Ranking computationally predicted molecular crystal polymorphs by thermodynamic stability requires anharmonic free energy calculations that are scalable and robust. Although classical free energy perturbation (FEP) methods provide very accurate lattice free energy estimates, their scalability in large polymorphic landscapes is limited by the need to ergodically sample one chain of overlapping alchemical Boltzmann distributions per polymorph. In contrast, targeted free energy perturbation (TFEP) can converge free energies of the same accuracy directly on the existing physical data sampled in each polymorph. The only major challenge in TFEP is obtaining an accurate bijective mapping between each polymorph and a common reference distribution. To achieve a general mapping strategy, we turn to normalising flow neural networks. In this work, we demonstrate the feasibility of normalising-flow enhanced TFEP in molecular crystals. Specifically, we describe a normalising flow architecture, based on spline-coupling, that can achieve a significant overlap between a Boltzmann distribution of a molecular crystal supercell and the artificial distribution learned by a probabilistic generative model (PGM) trained by example on relatively small amounts of MD data. The accuracy and efficiency of this approach were assessed by comparing PGM-based FE estimates to the reference FE estimates from the Einstein crystal method (ECM). These two methods were applied to three molecules of practical relevance in the pharmaceutical industry: succinic acid, a salt former and starting material, and two drug molecules, Veliparib and Mivebresib.
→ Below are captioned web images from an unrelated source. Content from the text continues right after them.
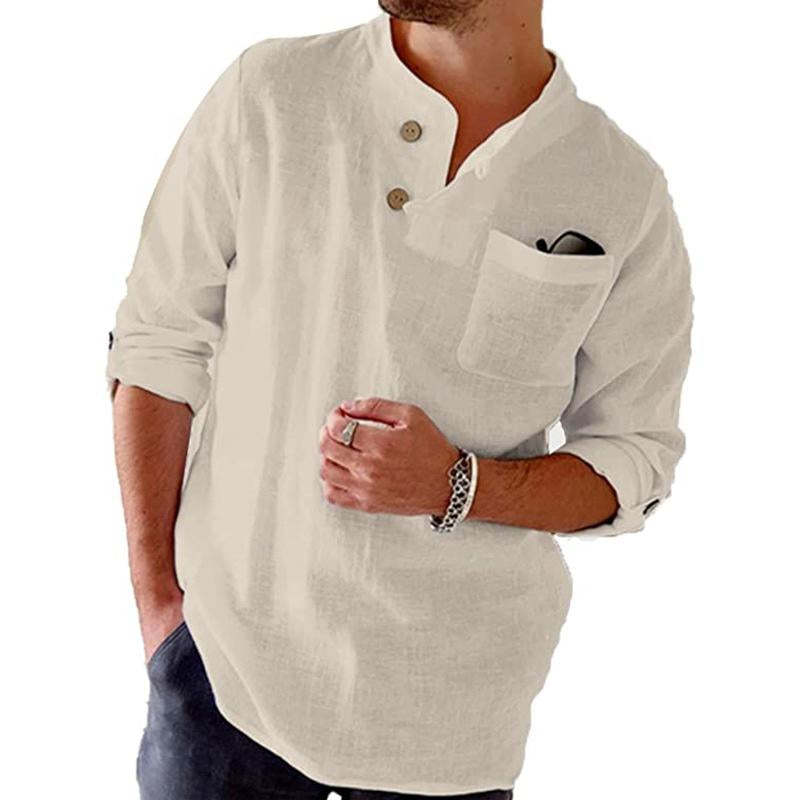 Men's Cotton Linen Loose Casual Solid Color Roll-Up Sleeve Long-sleeved Shirt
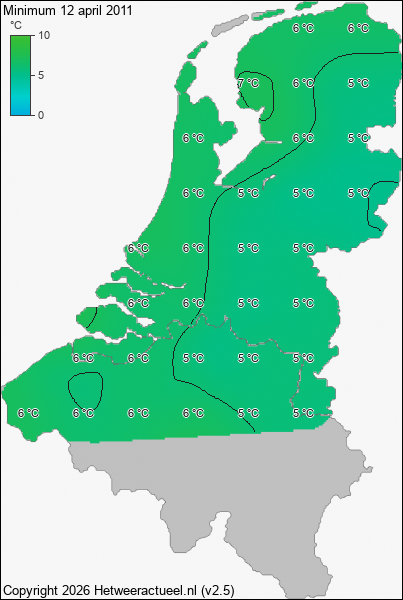 Minimum temperatuur 12 april 2011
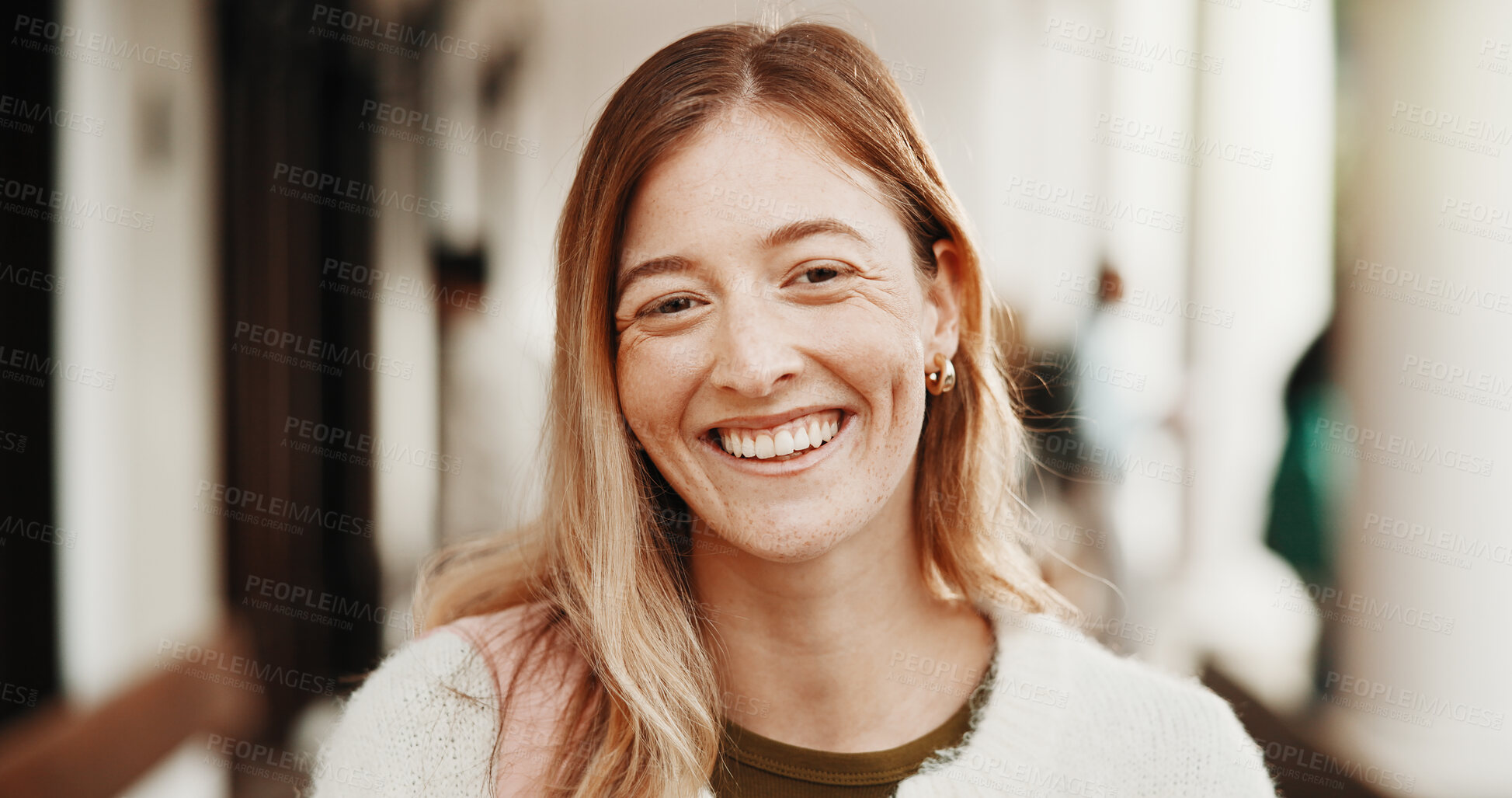 Buy stock photo Student, portrait and happy girl in university for academic learning opportunity or scholarship. Female person, learner or smile with confidence or pride for academy or higher education on campus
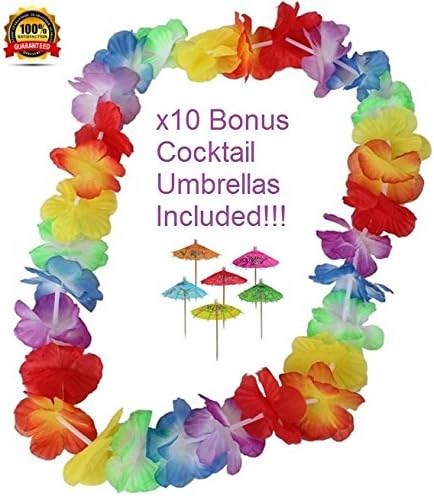 Leis- 25 Quality Leis- THE BEST QUALITY on Amazon!! With FREE Cocktail Umbrellas -Luau Party -Hawaiian Flowers 36" long! -Add to Cart-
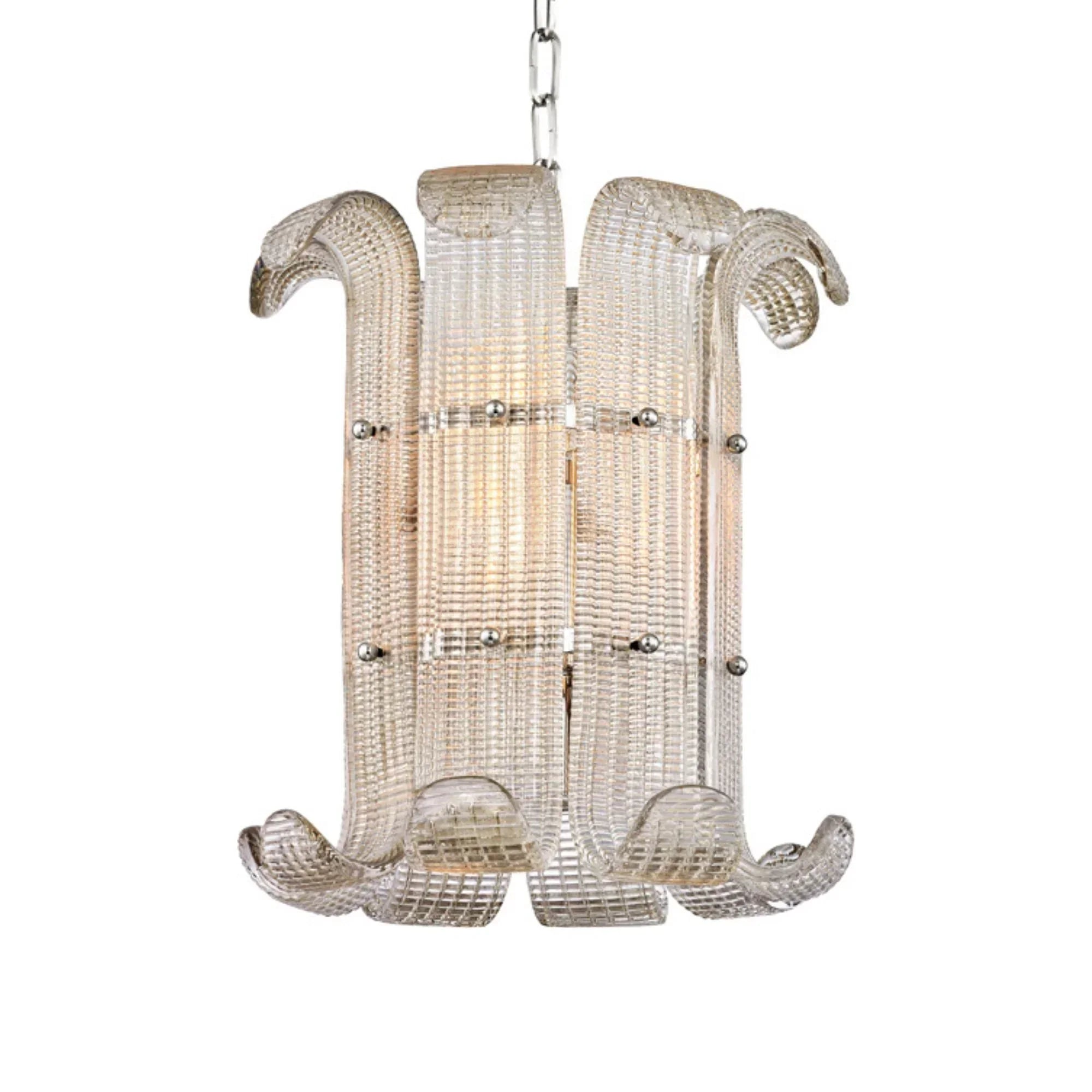 Brasher 16" 4-Light Pendant, Polished Nickel Finish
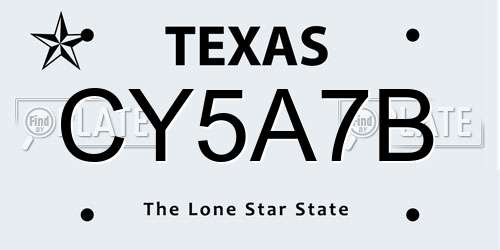 CY5A7B Texas License Plate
A compelling agreement in accuracy between the PGM and the ECM was observed in the polymorphic landscapes for these three compounds across all supercell sizes that were considered. In addition to showing that normalising flow can provide reliable free energy estimates in systems that are significantly more complex compared to those previously studied at a significantly lower cost than ECM, we also discuss how one can further improve the cost-effectiveness of this approach.